Carta ao Leitor: A história em exposição
Mostra 'Espelhos do Brasil' reúne algumas das melhores e mais marcantes capas da história da imprensa nacional. VEJA ocupa lugar de destaque

Prêmio Nobel de Literatura, o colombiano Gabriel García Márquez (1927-2014) conciliou ao longo de sua vida o ofício de jornalista com o de escritor de ficção. Gabo, como era conhecido, tinha um carinho especial por seu trabalho na imprensa e cunhou uma das frases definitivas sobre a importância de uma boa capa para uma publicação. Segundo ele, “a boa capa conta uma história com o silêncio da imagem e o ruído da manchete”. Autor polonês mais traduzido no mundo, Ryszard Kapus´ cin´ ski (1932-2007) defendia que “fazer uma capa é editar o mundo em um só frame”. Para o americano Tom Wolfe (1930-2018), um dos papas do chamado New Journalism, no qual os textos combinam técnicas jornalísticas com o estilo literário, a capa é uma ficção real. “Precisa ser verdadeira e, ao mesmo tempo, irresistível.”

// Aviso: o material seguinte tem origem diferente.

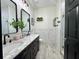 Modern bathroom features a double sink vanity with marble countertops and elegant fixtures at 1025 Belvoir Dr, Kissimmee, FL 34744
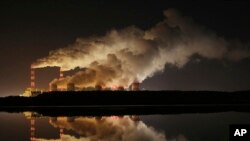 FILE - Plumes of smoke rise from Europe's largest lignite power plant in Belchatow, central Poland, Nov. 28, 2018.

O poder dessas imagens pode ser conferido na mostra Espelhos do Brasil, que será realizada nos próximos dias 12 e 13 na DAN Galeria, em São Paulo. Estarão reunidas ali algumas das melhores e mais marcantes capas da história da imprensa nacional. Parte do calendário de comemorações dos 75 anos do Grupo Abril, o evento exibirá 75 capas dos principais títulos da editora da empresa. VEJA ocupa um lugar de destaque, com quinze exemplares. O ponto de partida é a reprodução do número 1 da revista, que circulou em setembro de 1968 e destacava a reportagem sobre a crise na União Soviética após a invasão na antiga Tchecoslováquia.
Várias capas de VEJA tiveram grande impacto na vida nacional e, não raro, incomodaram os poderosos de plantão. Durante a ditadura militar, época em que a Editora Abril não abriu mão de combater e denunciar as atrocidades do período, milhares de exemplares da revista com a capa sobre a decretação do AI-5 acabaram sendo apreendidos pelos militares. A imagem que contrariou o governo era o retrato perfeito da arbitrariedade, trazendo apenas a foto do então presidente, Arthur da Costa e Silva, sentado sozinho no Congresso, que acabara de ser fechado pelo regime. Nas décadas seguintes, outras capas alcançaram grande repercussão, como a das denúncias de corrupção feitas contra o governo da época por Pedro Collor. Elas deram origem a uma sequência de reportagens exclusivas e abriram as portas para o processo de impeachment que culminou na renúncia do irmão dele, Fernando Collor de Mello. Mais recentemente, ganhou destaque o conjunto de revelações mostrando como Sergio Moro, no papel de juiz na 13ª Vara Federal de Curitiba, não havia agido com a devida imparcialidade nos julgamentos da Lava-Jato. Ao longo do tempo, houve ainda muito espaço para pôr sob a luz dos holofotes temas diversos, como a investigação sobre o acidente fatal de Ayrton Senna e o legado deixado por ídolos como Frank Sinatra. “É fascinante perceber como VEJA, ao longo de sua trajetória, traduziu os humores políticos, econômicos, culturais e comportamentais do país”, conta o redator-chefe Fábio Altman, que trabalhou na curadoria da mostra. De fato, o conjunto formado por essas capas vale como uma autêntica exposição da história.